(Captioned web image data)
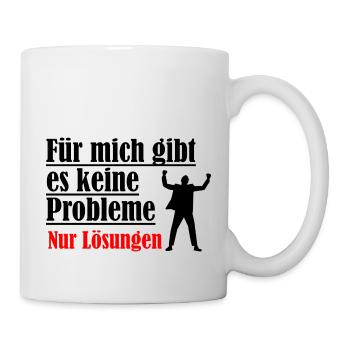 Keine Probleme nur Lösungen - Tasse - Weiß - Rechts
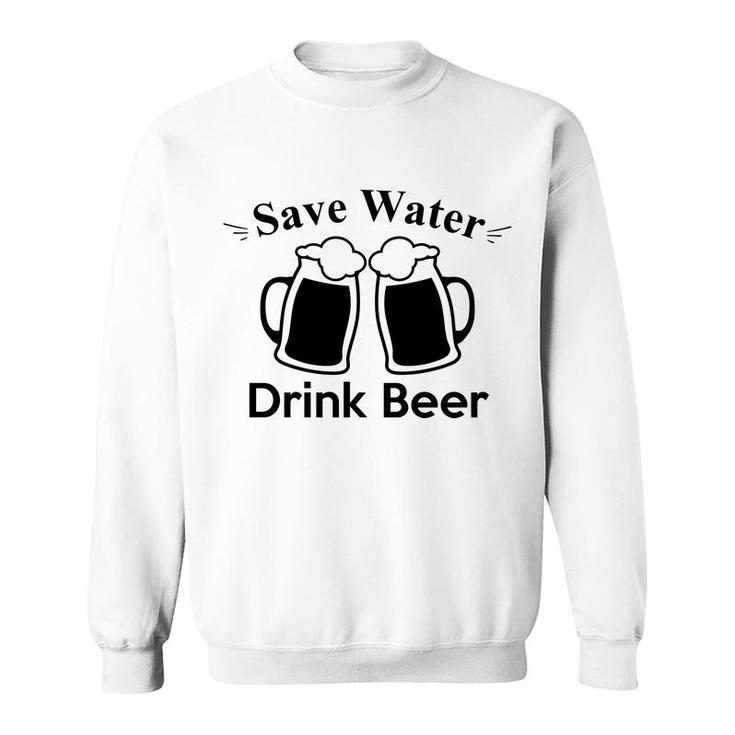 Save Water Drink Beer To Make Yourself Happy Sweatshirt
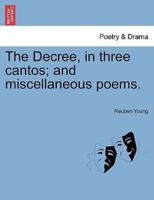 The Decree, in three cantos; and miscellaneous poems.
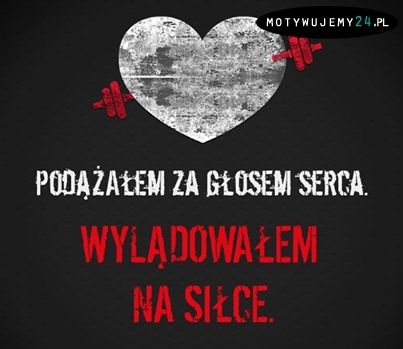 Podążaj za głosem serca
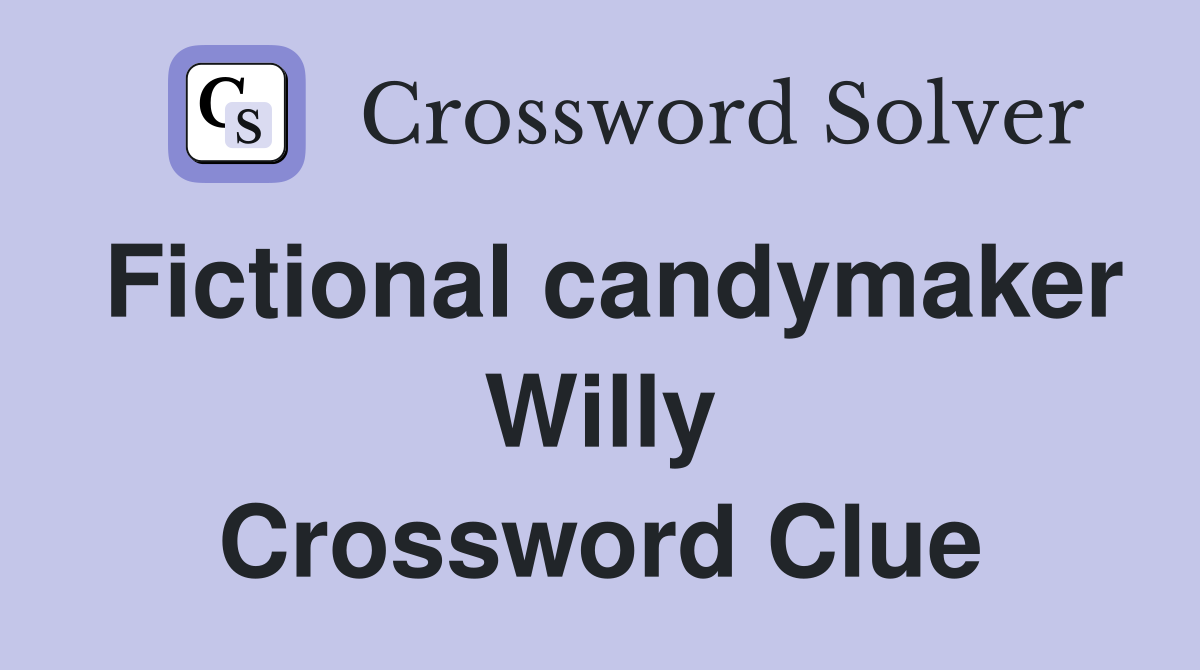 Fictional candymaker Willy Crossword Clue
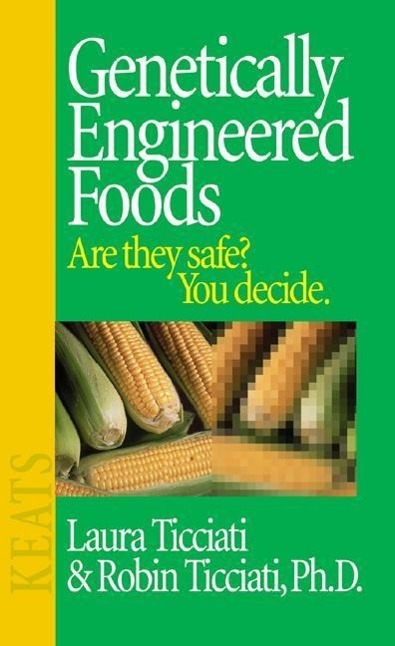 Genetically Engineered Foods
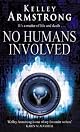 No Humans Involved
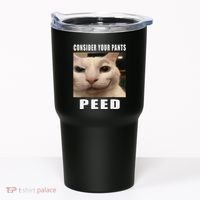Consider Your Pants Peed Cat Funny Tumbler thumb 0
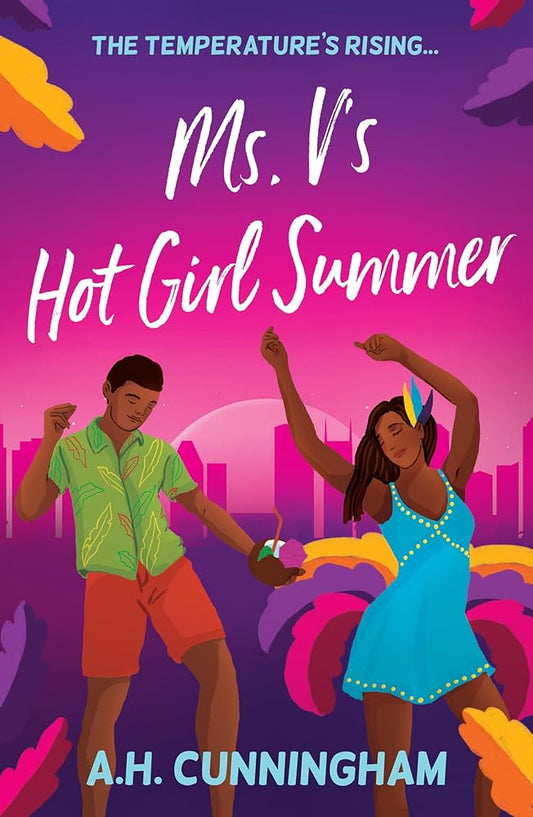 Ms. V's Hot Girl Summer: A spicy age-gap romance set in the heat of Caribbean Carnival, for rom-com lovers in 2026! cover image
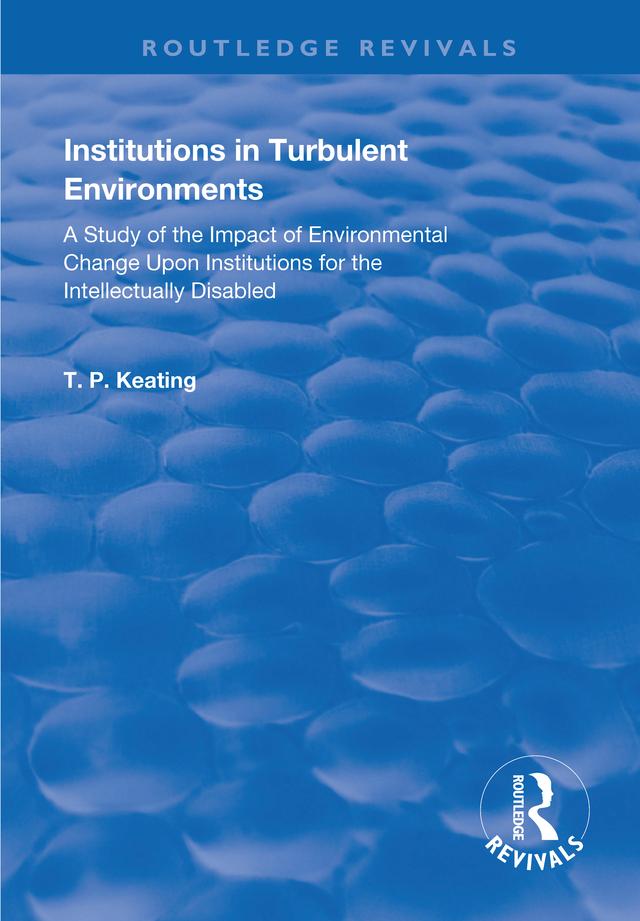 Institutions in Turbulent Environments by T.P. Keating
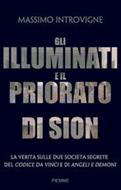 Gli illuminati e il priorato di Sion - La verità sulle due società segrete del Codice Da Vinci e di Angeli e Demoni (Brossura)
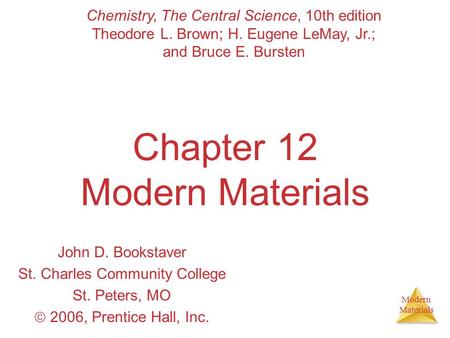 Modern Materials Chapter 12 Modern Materials John D. Bookstaver St. Charles Community College St. Peters, MO  2006, Prentice Hall, Inc. Chemistry, The.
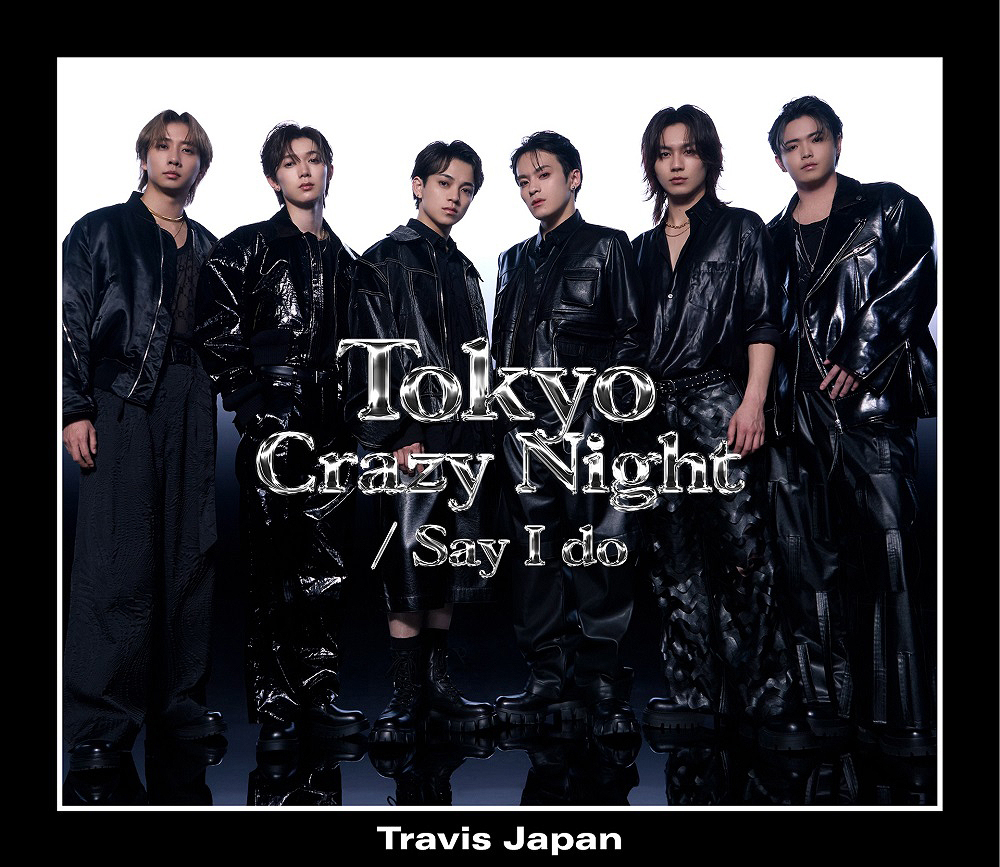 Tokyo Crazy Night / Say I do [Blu-ray付初回J盤] Travis Japan CD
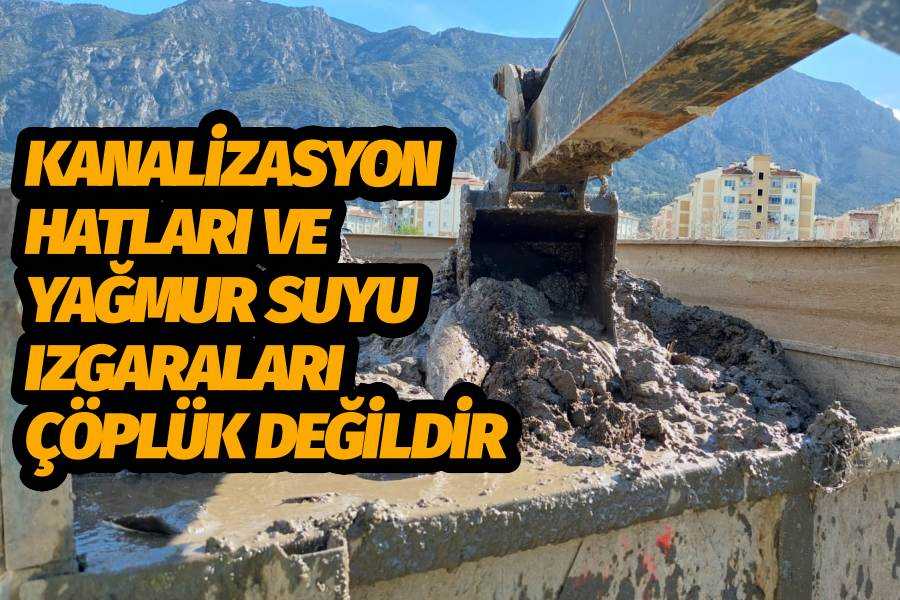 Kanalizasyon Hatları ve Yağmur Suyu Izgaraları Çöplük Değildir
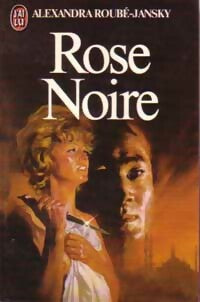 Livrenpoche : Rose Noire - Alexandra Roubé-Jansky - Livre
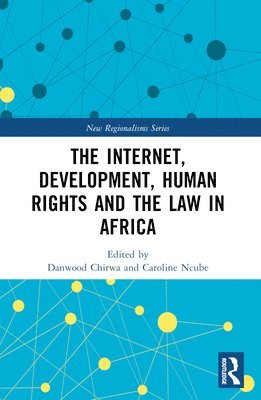 The Internet, Development, Human Rights and the Law in Africa 1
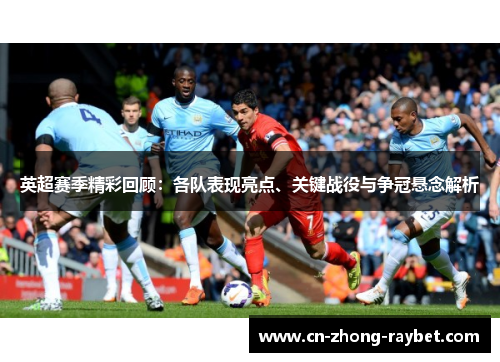 英超赛季精彩回顾：各队表现亮点、关键战役与争冠悬念解析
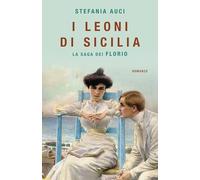 I Leoni di Sicilia. La saga dei Florio
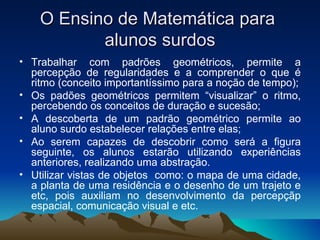 O Ensino de Matemática para  alunos surdos Trabalhar com padrões geométricos, permite a percepção de regularidades e a comprender o que é ritmo (conceito importantíssimo para a noção de tempo); Os padões geométricos permitem “visualizar” o ritmo, percebendo os conceitos de duração e sucesão; A descoberta de um padrão geométrico permite ao aluno surdo estabelecer relações entre elas; Ao serem capazes de descobrir como será a figura seguinte, os alunos estarão utilizando experiências anteriores, realizando uma abstração. Utilizar vistas de objetos  como: o mapa de uma cidade, a planta de uma residência e o desenho de um trajeto e etc, pois auxiliam no desenvolvimento da percepçãp espacial, comunicação visual e etc.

* _Task details_
Could every line above be set down exactly, with the pictures omitted?

* _Answer section_
 Keine Probleme nur Lösungen - Tasse - Weiß - Rechts
 Save Water Drink Beer To Make Yourself Happy Sweatshirt
 The Decree, in three cantos; and miscellaneous poems.
 Podążaj za głosem serca
 Fictional candymaker Willy Crossword Clue
 Genetically Engineered Foods
 No Humans Involved
Consider Your Pants Peed Cat Funny Tumbler thumb 0
 Ms. V's Hot Girl Summer: A spicy age-gap romance set in the heat of Caribbean Carnival, for rom-com lovers in 2026! cover image
 Institutions in Turbulent Environments by T.P. Keating
 Gli illuminati e il priorato di Sion - La verità sulle due società segrete del Codice Da Vinci e di Angeli e Demoni (Brossura)
 Modern Materials Chapter 12 Modern Materials John D. Bookstaver St. Charles Community College St. Peters, MO  2006, Prentice Hall, Inc. Chemistry, The.
 Tokyo Crazy Night / Say I do [Blu-ray付初回J盤] Travis Japan CD
 Kanalizasyon Hatları ve Yağmur Suyu Izgaraları Çöplük Değildir
 Livrenpoche : Rose Noire - Alexandra Roubé-Jansky - Livre
 The Internet, Development, Human Rights and the Law in Africa 1
 英超赛季精彩回顾：各队表现亮点、关键战役与争冠悬念解析
 I Leoni di Sicilia. La saga dei Florio
 O Ensino de Matemática para  alunos surdos Trabalhar com padrões geométricos, permite a percepção de regularidades e a comprender o que é ritmo (conceito importantíssimo para a noção de tempo); Os padões geométricos permitem “visualizar” o ritmo, percebendo os conceitos de duração e sucesão; A descoberta de um padrão geométrico permite ao aluno surdo estabelecer relações entre elas; Ao serem capazes de descobrir como será a figura seguinte, os alunos estarão utilizando experiências anteriores, realizando uma abstração. Utilizar vistas de objetos  como: o mapa de uma cidade, a planta de uma residência e o desenho de um trajeto e etc, pois auxiliam no desenvolvimento da percepçãp espacial, comunicação visual e etc.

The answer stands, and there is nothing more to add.